Ici, le « retour » au judaïsme est représenté comme une conduite de cochon. Ceci n’est pas nouveau, car déjà certains pères de l’Église insultaient les Juifs et les hérétiques en les traitant de Cochons ; au IVe siècle, Jean Chrysostome dans ses huit sermons 388 sur l’office juif dans la synagogue s’abaissait aussi à ce type de dénigrement[3].

Avec l’adoption des vertus et défauts hellénistiques, la théologie chrétienne depuis le Ve siècle a édicté la liste des sept péchés capitaux : les deux derniers, la gourmandise (en latin: gula) et la luxure (luxuria), étaient souvent symbolisés dans les représentations figuratives par un cochon. Cela incarnait les impurs et les pécheurs, dont le ventre était rempli de saletés et qui ne laissaient à leurs descendants que des excréments. (Psaumes: 17,14)

Ecclesia et Synagoga : La Synagogue aveuglée, original de la cathédrale de Strasbourg, XIIIe siècle.

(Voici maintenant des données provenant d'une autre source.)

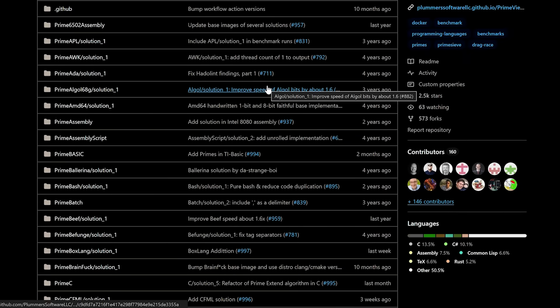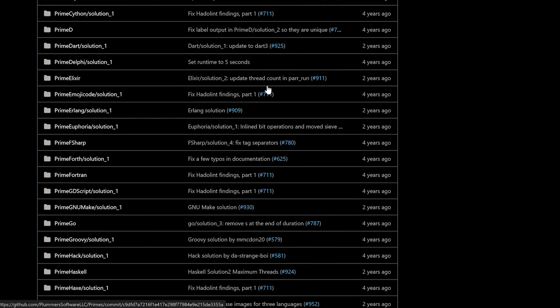You built a machine recently with one terabyte of RAM. How did that happen and why? We have a project called GitHub Primes — if you just search for GitHub Primes you'll find it. It is a single set of prime number algorithms implemented in about 100 different languages. We run a benchmark every night, compile the results, and find out which languages are fastest. This machine runs those tests.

Jusqu’au IXe siècle, ces péchés n’étaient pas encore identifiés au judaïsme, mais seulement comparés. Raban Maur, dans son encyclopédie De Universo (847) mettait côte-à-côte sur la même page des Juifs et des cochons, puisque les deux auraient été athées, pécheurs et obscènes. Après cela, il se référait à « l’auto-imprécation » dans l’Évangile selon Matthieu (27, 25) : « Que son sang retombe sur nous et sur nos enfants ! ». Là, les Juifs comme les cochons, étaient représentés par une allégorie, afin de mettre en garde le simple chrétien avec des images frappantes. De même, les moines et les singes incarnaient le péché d'inconstantia (infidélité, instabilité).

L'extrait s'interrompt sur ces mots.